## Supplied material

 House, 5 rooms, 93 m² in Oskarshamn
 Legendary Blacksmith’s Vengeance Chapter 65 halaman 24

* * *

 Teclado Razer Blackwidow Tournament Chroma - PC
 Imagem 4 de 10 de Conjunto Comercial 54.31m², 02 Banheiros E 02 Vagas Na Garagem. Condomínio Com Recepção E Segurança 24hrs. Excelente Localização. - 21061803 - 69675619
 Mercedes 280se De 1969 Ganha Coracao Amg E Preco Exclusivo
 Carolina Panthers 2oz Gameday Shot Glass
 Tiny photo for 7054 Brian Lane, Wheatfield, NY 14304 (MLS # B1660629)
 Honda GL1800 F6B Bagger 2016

## Work request
Retype exactly, and only, the lines above from the one where "House, 5 rooms, 93 m² in Oskarshamn" occurs up to and including the one where "Legendary Blacksmith’s Vengeance" occurs.

## Response to this exercise
 House, 5 rooms, 93 m² in Oskarshamn
 Legendary Blacksmith’s Vengeance Chapter 65 halaman 24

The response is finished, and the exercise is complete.